I had the same issue on Android 14 with Sing-Box 1.8.9. While setting "gso":true in the Wireguard outbound configuration fixed the connection drop after switching networks, it now takes about 30 seconds to come back online.

Dr4tez commented 6 months ago

I had the same issue on Android 14 with Sing-Box 1.8.9. While setting "gso":true in the Wireguard outbound configuration fixed the connection drop after switching networks, it now takes about 30 seconds to come back online.

Thanks for the tip, it worked for me! There are no more wireguard connection drops when moving from one network to another. In any case, it is not noticeable at all, not 30 seconds, not even one second.

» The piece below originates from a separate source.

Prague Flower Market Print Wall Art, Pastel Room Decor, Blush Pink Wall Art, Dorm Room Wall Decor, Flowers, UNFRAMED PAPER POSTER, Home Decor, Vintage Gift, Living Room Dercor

Android 14, arm64-v8a and 1.9.0-beta.16.

nekohasekai commented 6 months ago

Try f61b272cbf3732ac7d8307ee787963ba78ca5945

hellodword commented 6 months ago

https://github.com/SagerNet/sing-box/commit/f61b272cbf3732ac7d8307ee787963ba78ca5945 works for me, with 1.8.9

03:24:39 INFO router: updated default interface wlp2s0, index 3
03:24:39 DEBUG outbound/wireguard[warp]: routine: receive incoming receive - stopped
03:24:39 DEBUG outbound/wireguard[warp]: udp bind has been updated
03:24:39 DEBUG outbound/wireguard[warp]: routine: receive incoming receive - started
03:24:39 INFO outbound/vmess[proxy-1]: outbound packet connection to 162.159.192.1:2408
03:25:03 DEBUG outbound/wireguard[warp]: peer(bmXO…fgyo) - sending handshake initiation
03:25:03 DEBUG outbound/wireguard[warp]: peer(bmXO…fgyo) - received handshake response
03:25:03 DEBUG outbound/wireguard[warp]: peer(bmXO…fgyo) - sending keepalive packet
03:25:20 DEBUG outbound/wireguard[warp]: peer(bmXO…fgyo) - retrying handshake because we stopped hearing back after 15 seconds
03:25:20 DEBUG outbound/wireguard[warp]: peer(bmXO…fgyo) - sending handshake initiation
03:25:20 DEBUG outbound/wireguard[warp]: peer(bmXO…fgyo) - received handshake response
03:25:20 DEBUG outbound/wireguard[warp]: peer(bmXO…fgyo) - sending keepalive packet
03:25:21 INFO router: updated default interface eth0, index 2
03:25:21 DEBUG outbound/wireguard[warp]: routine: receive incoming receive - stopped
03:25:21 DEBUG outbound/wireguard[warp]: udp bind has been updated
03:25:21 DEBUG outbound/wireguard[warp]: routine: receive incoming receive - started
03:25:21 INFO outbound/vmess[proxy-1]: outbound packet connection to 162.159.192.1:2408
03:25:36 DEBUG outbound/wireguard[warp]: peer(bmXO…fgyo) - sending keepalive packet
03:25:37 INFO router: updated default interface wlp2s0, index 3
03:25:37 DEBUG outbound/wireguard[warp]: routine: receive incoming receive - stopped
03:25:37 DEBUG outbound/wireguard[warp]: udp bind has been updated
03:25:37 DEBUG outbound/wireguard[warp]: routine: receive incoming receive - started
03:25:37 INFO outbound/vmess[proxy-1]: outbound packet connection to 162.159.192.1:2408
Dr4tez commented 6 months ago

On versions 1.8.10 - 1.10.0-alfa.6 the application interface stops responding to actions with it after switching from wifi to mobile Internet if the configuration has active wireguard outbounds without "gso": true. Android 14, arm64-v8a. Upd. On version 1.10.0-alfa.7 the above bug completely disappeared. Thanks and glory to the developer!

Dondrejohnson5 commented 5 months ago

Thanks for those tips man; "gso": true really does work for me! Gosh I've had this problem with sing-box forever ago and always wondered if it was just me

github-actions[bot] commented 1 month ago

This issue is stale because it has been open 60 days with no activity. Remove stale label or comment or this will be closed in 5 days

hellodword commented 1 month ago

I think this issue hasn't been fully resolved, as it still happens occasionally. I've tried to reproduce it, but it's quite challenging.

@nekohasekai Please keep this issue open.